A Generic Review of Integrating Artificial Intelligence in Cognitive Behavioral Therapy
Meng Jiang, Qing Zhao, Jianqiang Li, Fan Wang, Tianyu He, Xinyan Cheng, Bing Xiang Yang, Grace W. K. Ho, Guanghui Fu
TL;DR
This review surveys how AI, including pre-trained language models and large language models, can augment CBT across pre-treatment, therapeutic process, and post-treatment stages. It synthesizes evidence on diagnostic support, distortion detection, emotion analysis, personalized treatment selection, and AI-assisted delivery tools, with examples spanning cognitive restructuring, behavioral activation, exposure therapy, homework, monitoring, and outcome prediction. The paper also catalogs public datasets relevant to CBT tasks, discusses benefits and current limitations (e.g., multimodal data, standardization, and long-term efficacy), and outlines directions for future research toward accessible, efficient, and personalized AI-augmented CBT. It emphasizes responsible deployment that complements rather than replaces human therapists, aiming to improve global mental health care delivery.
Abstract
Cognitive Behavioral Therapy (CBT) is a well-established intervention for mitigating psychological issues by modifying maladaptive cognitive and behavioral patterns. However, delivery of CBT is often constrained by resource limitations and barriers to access. Advancements in artificial intelligence (AI) have provided technical support for the digital transformation of CBT. Particularly, the emergence of pre-training models (PTMs) and large language models (LLMs) holds immense potential to support, augment, optimize and automate CBT delivery. This paper reviews the literature on integrating AI into CBT interventions.

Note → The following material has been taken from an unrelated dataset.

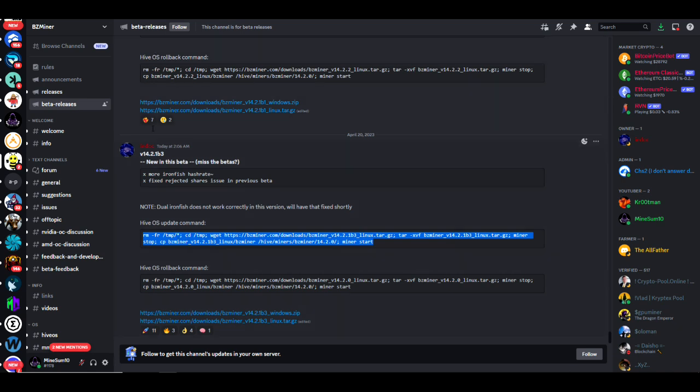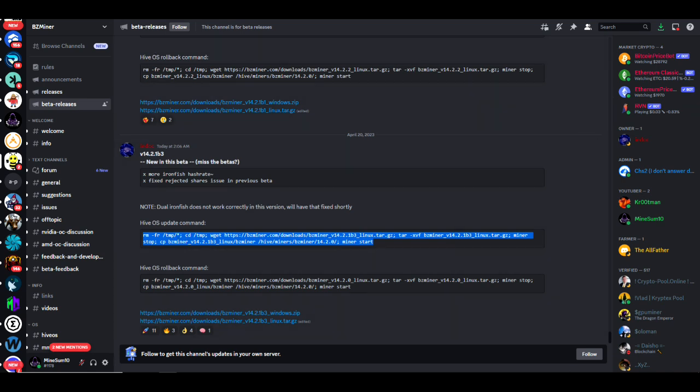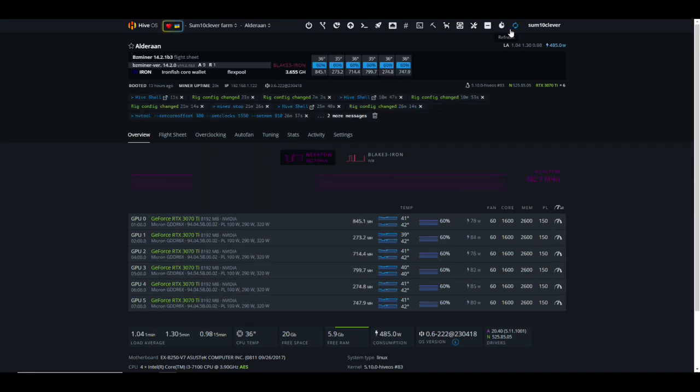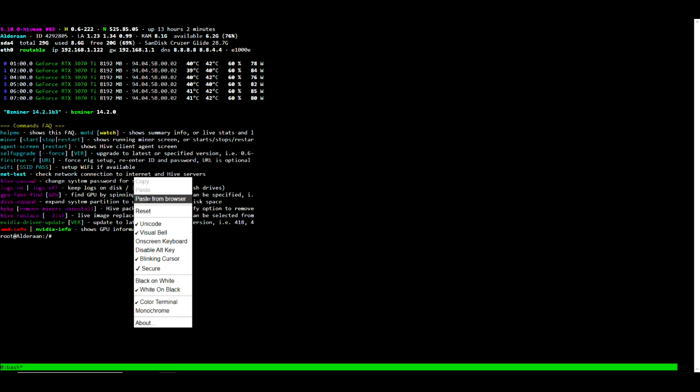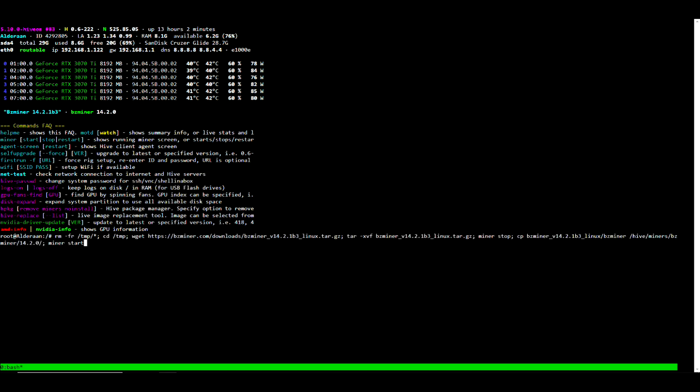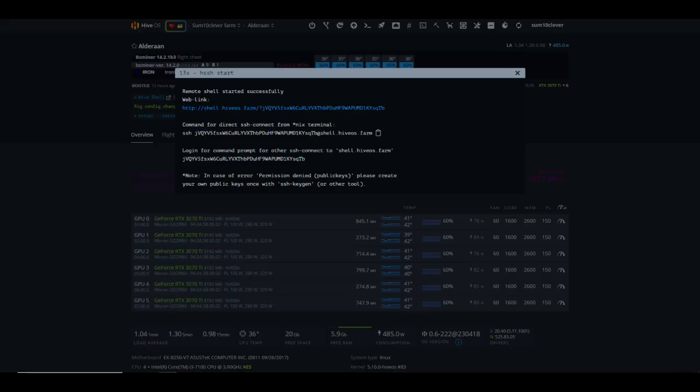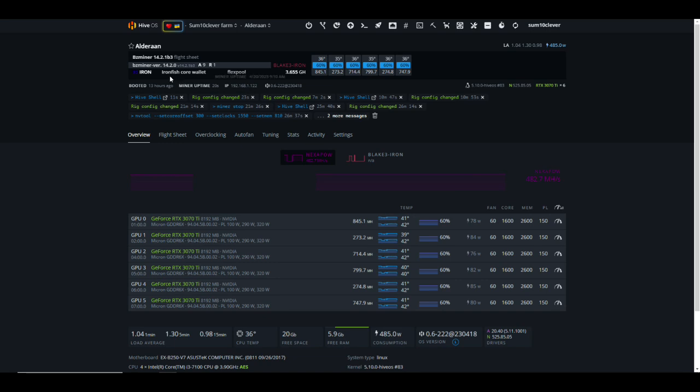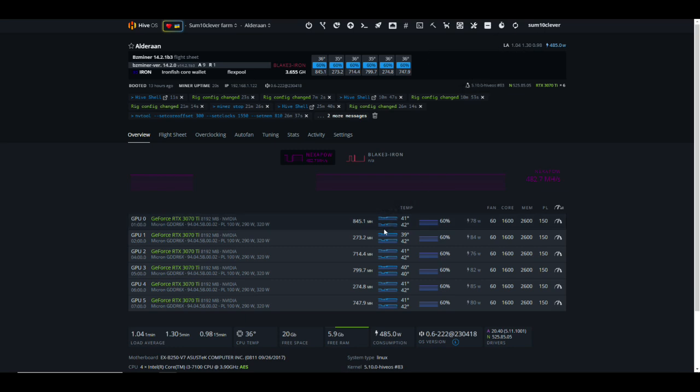Let's refresh this and we'll go ahead and pull up the Hive Shell. From here we're going to right click, paste from browser, right click, paste again, hit OK, and then here you would hit enter. Now I'm not going to hit enter because I've already installed the beta version. But once it's done you want to confirm that you are using the beta version up here. Notice it says version 14.2.0, however when I put my cursor over it it says version 14.2.1b3. That part is imperative.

We begin with an overview of CBT. Then, we introduce the integration of AI into CBT across various stages: pre-treatment, therapeutic process, and post-treatment. Next, we summarized the datasets relevant to some CBT-related tasks. Finally, we discuss the benefits and current limitations of applying AI to CBT. We suggest key areas for future research, highlighting the need for further exploration and validation of the long-term efficacy and clinical utility of AI-enhanced CBT. The transformative potential of AI in reshaping the practice of CBT heralds a new era of more accessible, efficient, and personalized mental health interventions.